Fukino, for those who don't recall, reviewed Obama's birth certificate twice. Besides her July 2009 review, she also reviewed it in October 2008 after then-governor Linda Lingle wanted to quell already-festering rumors about then-candidate Obama's birthplace. Both times, the documents were all in order.
Fukino also added one key point--her then-boss, Lingle, had no reason to lie about Obama's birthplace. After all, Lingle was backing McCain, the guy who would have the most to benefit if it turned out Obama really was hiding his birthplace.
Fukino also addressed Obama's now-famous Certificate of Live Birth. She says that anyone born in Hawaii gets a Certificate of Live Birth whenever they ask for a birth certificate.
The document was distributed to the Obama campaign in 2007 after Obama, at the request of a campaign official, personally signed a Hawaii birth certificate request form downloaded on the Internet, according to a former campaign official who asked for anonymity. (Obama was "testy" when asked to sign the form but did so anyway to put the issue to rest, the former campaign official said. The White House has dismissed all questions about the president's birth as "fictional nonsense.")

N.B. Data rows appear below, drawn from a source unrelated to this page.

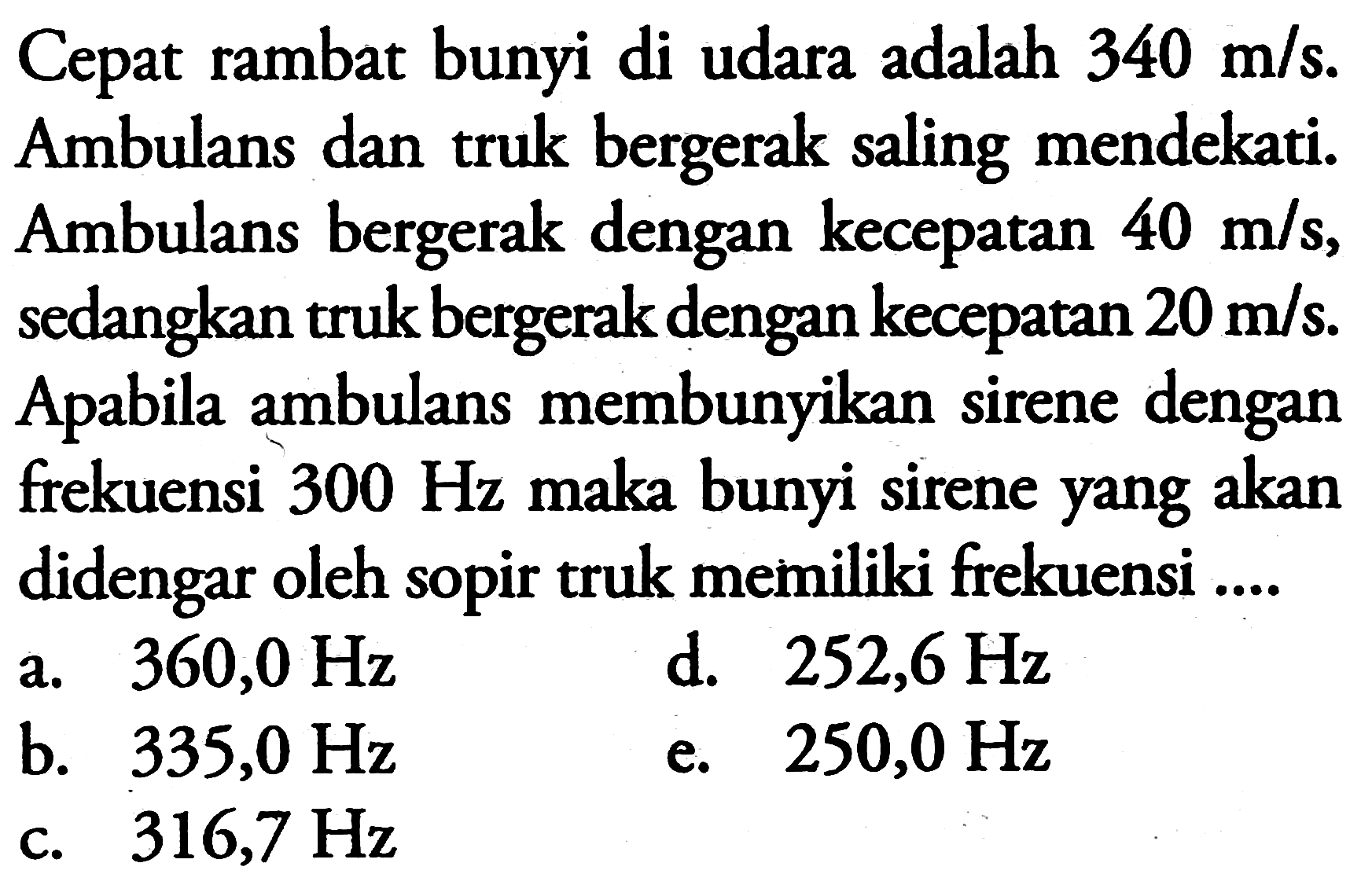 Cepat rambat bunyi di udara adalah  340 m / s . Ambulans dan truk bergerak saling mendekati. Ambulans bergerak dengan kecepatan  40 m / s , sedangkan truk bergerak dengan kecepatan  20 m / s . Apabila ambulans membunyikan sirene dengan frekuensi  300 Hz  maka bunyi sirene yang akan didengar oleh sopir truk memiliki frekuensi ....
a.   360,0 Hz 
d.  252,6 Hz 
b.  335,0 Hz 
e.  250,0 Hz 
c.  316,7 Hz 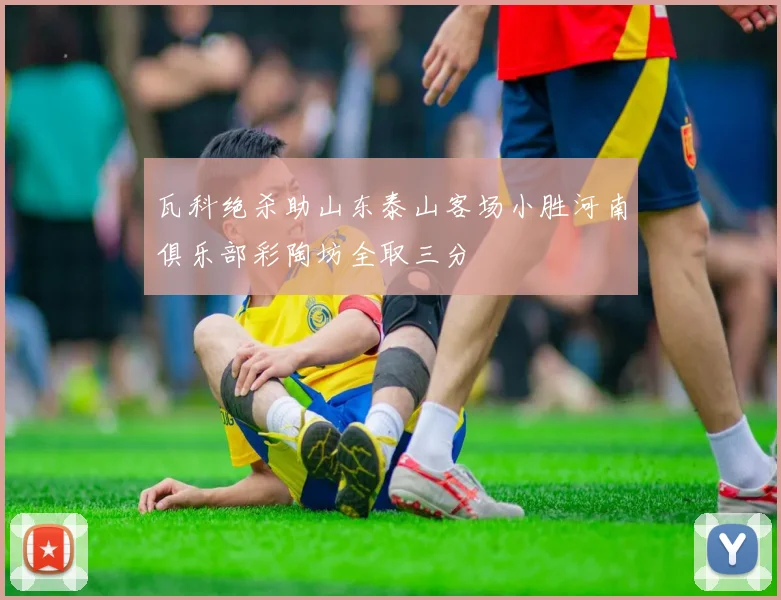 瓦科绝杀助山东泰山客场小胜河南俱乐部彩陶坊全取三分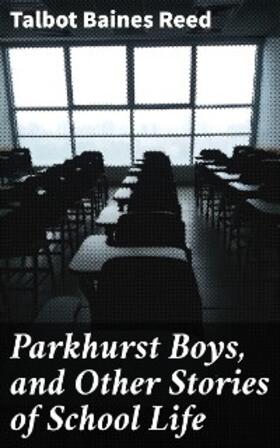 Reed |  Parkhurst Boys, and Other Stories of School Life | eBook | Sack Fachmedien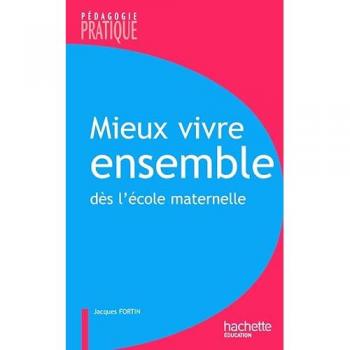 Mieux vivre ensemble dès l'école maternelle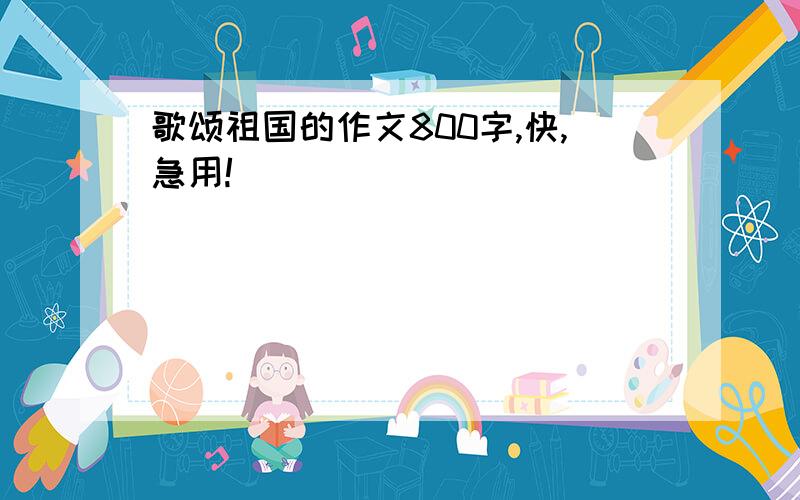 歌颂祖国的作文800字,快,急用!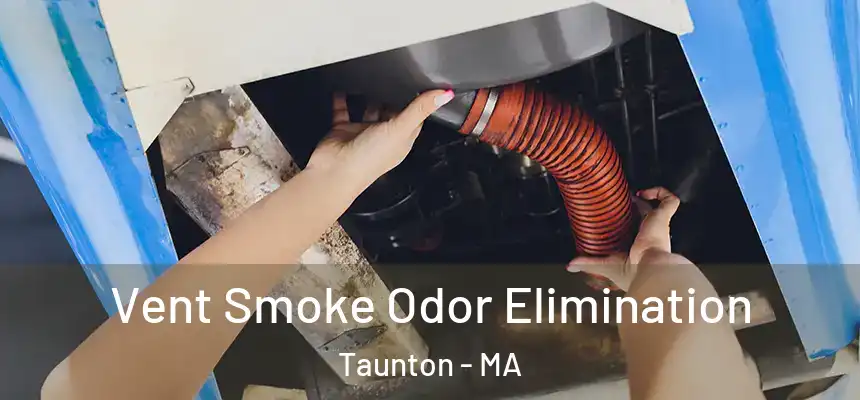 Vent Smoke Odor Elimination Taunton - MA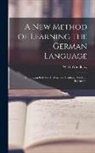 W. H. Woodbury - A New Method of Learning the German Language: Embracing Both the Analytic and Synthetic Modes of Instruction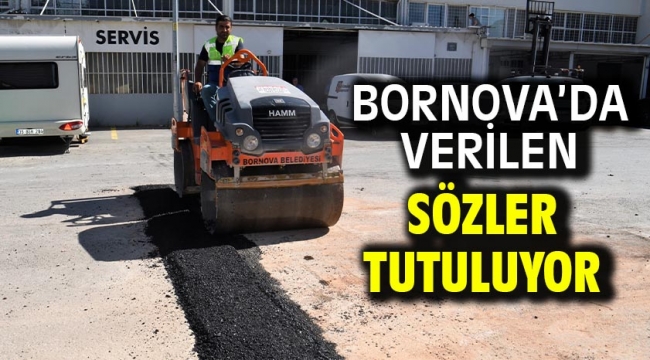 Bornova'da verilen sözler tutuluyor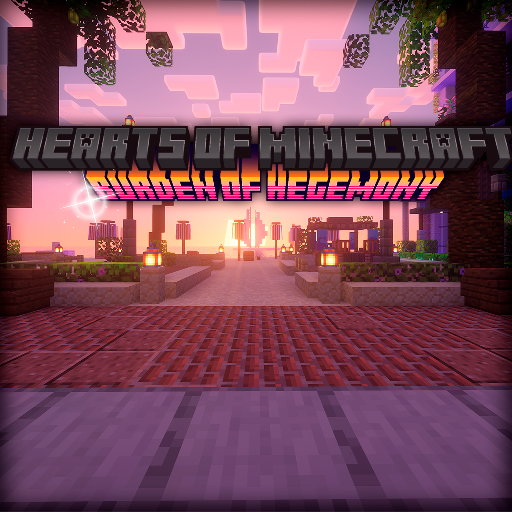 Hearts of Minecraft: Burden of Hegemony (Beta Version)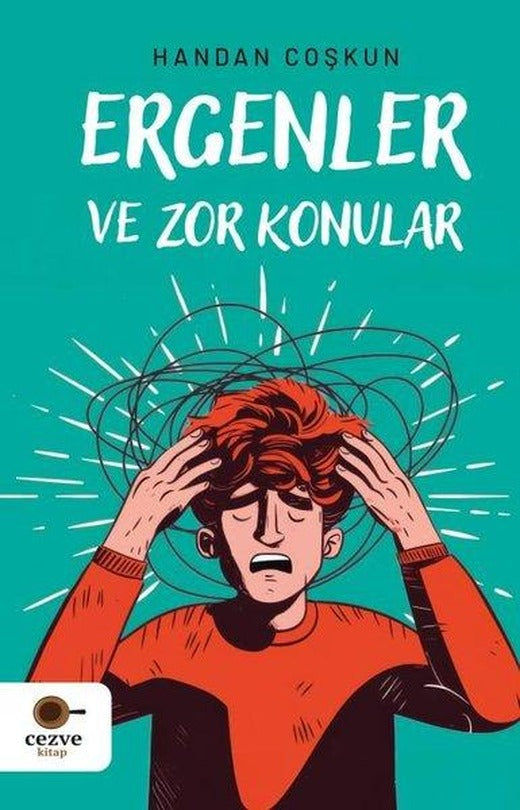 Ergenler ve Zor Konular | Cezve Kitap (İnce Kapak)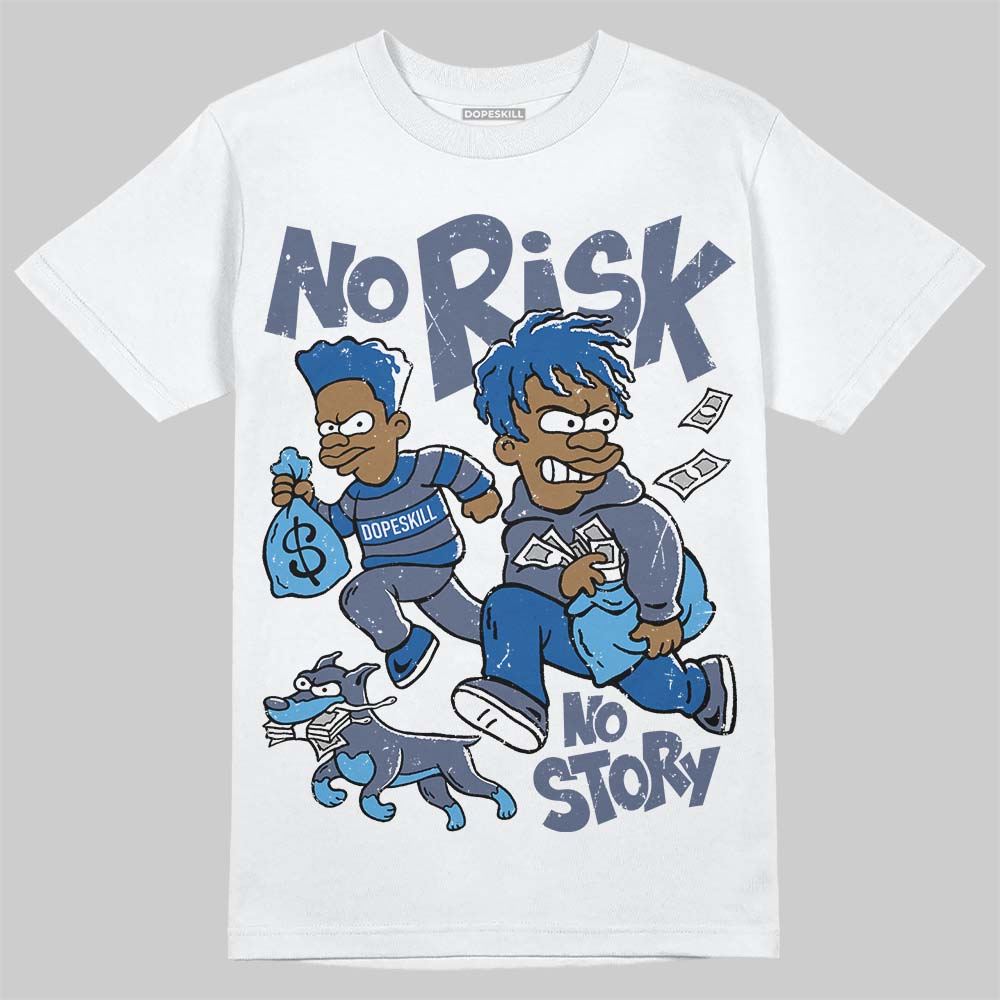 Diffused Blue 11s DopeSkill T-Shirt No Risk No Story Graphic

The certification that the campaign received back —which shows that Obama was born in Honolulu at 7:24 p.m. on Aug. 4, 1961 — was based on the content of the original document in state files, Fukino said.
"What he got, everybody got," said Fukino. "He put out exactly what everybody gets when they ask for a birth certificate."
And according to Joshua Wisch, a spokesman for the state attorney general's office, that's all the state is legally permitted to release. Hawaii law doesn't allow the release of an actual birth certificate to anyone--not even the person whose birth is recorded on the certificate. The only way Obama could review his birth record is if he personally went to the state health department--and even then, he couldn't legally get a photocopy. So much for "where's the birth certificate?"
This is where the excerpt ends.